Go backBack to selection

Hamlet from Ophelia’s POV”: Editor Luke Dunkley on Sundance Drama Ophelia


Luke Dunkley began his career 20-some years ago as an editor on the short-lived BBC show This Life. He has since gone on to work for dozens of TV series and miniseries, including Netflix’s The Crown, Channel 4’s National Treasure and Canal Plus’s The Last Panther. Dunkley served as the editor on Ophelia, the fourth feature from Australian director Claire McCarthy. Ophelia is a retelling of Hamlet as told from the perspective of the young noblewoman of Denmark. Below, Dunkley discusses how he and McCarthy sought to “not compromise the young female perspective” in their spin on Shakespeare.

Filmmaker: How and why did you wind up being the editor of your film? What were the factors and attributes that led to your being hired for this job?

Dunkley: Unusually, I didn’t know anyone on the production. But you are only ever a few degrees of separation from knowing someone, so I think I must have been recommended to the British producer, Sarah Curtis. After that it’s about compatibility with the team and dates. I met Claire the director on Skype a few times as she never seemed to be in one place long enough to meet. I had just finished working with Clio Barnard, and I’m sure that had something to do with it.

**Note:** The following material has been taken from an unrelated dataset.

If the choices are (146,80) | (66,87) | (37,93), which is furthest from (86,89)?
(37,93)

Filmmaker: In terms of advancing your film from its earliest assembly to your final cut, what were goals as an editor? What elements of the film did you want to enhance, or preserve, or tease out or totally reshape?

Dunkley: The early assembly was quite long and unwieldy. I hate the first cut, generally, and I think this one was particularly rushed because we needed to have some sales material ready for TIFF. My focus from the beginning and pretty much all the way through has been to see the film through Ophelia’s eyes. This is Hamlet from Ophelia’s POV, and that’s what we should stick to. Claire had shot some lovely still moments with Daisy, and I knew we wouldn’t keep all of them but I wanted to try and keep as many as possible.

Filmmaker: How did you achieve these goals? What types of editing techniques, or processes, or feedback screenings allowed this work to occur?

Dunkley: Goodness. We had several screenings: producer, “friends and family” and full-on test screening. They all helped in their way to shape our thoughts and processes. From the start we tried to hone the emotional performances and mine the material as much as possible.

Filmmaker: As an editor, how did you come up in the business, and what influences have affected your work?

Dunkley: I’ve been in or around the cutting room since I was 19. I’ve loved it there ever since an astute producer said that the edit suite would suit me and shoved me that way. I think you learn something on every job, even the tricky jobs. I guess the influences would be the directors that I have worked with that I particularly respect, the ones that can create worlds and what I call shooting off the page – bring something to a script that isn’t just on the page. This was why I was drawn to Claire and Ophelia.

Filmmaker: What editing system did you use, and why?

Dunkley: Avid. But systems don’t do the cutting, editors do. I use it because it works for me and has for 20 years. It’s the system that can handle big and small projects.

Filmmaker: What was the most difficult scene to cut and why? And how did you do it?

Dunkley: There were a couple that we would always go back to, whether to change the slant/access of the scene or to change Ophelia’s approach. There is one scene that took multiple versions, and I’m not sure that Claire and I are completely happy with it now, but sometimes you have to let go. I’m sorry but I’m not going to say which one…

Filmmaker: What role did VFX work, or compositing, or other post-production techniques play in terms of the final edit?

Dunkley: VFX most definitely has a role in creating 14th century Denmark. We needed castles and ports. But they also helped with some of the subtler moments; we wanted a natural phenomena that linked the moments of love between Ophelia and Hamlet, and we came up with starling murmurations. Automatik (the VFX house) managed to integrate them seamlessly for us.

Filmmaker: Finally, now that the process is over, what new meanings has the film taken on for you? What did you discover in the footage that you might not have seen initially, and how does your final understanding of the film differ from the understanding that you began with?

Dunkley: The film hasn’t really changed in meaning; what was important and became more so as we worked was not to compromise the young female perspective. It’s obviously a revisionist version of Hamlet, and some will not like it just for that, but I feel and hope that we have brought Shakespeare to a wider audience which wasn’t really a consideration at the start of the process.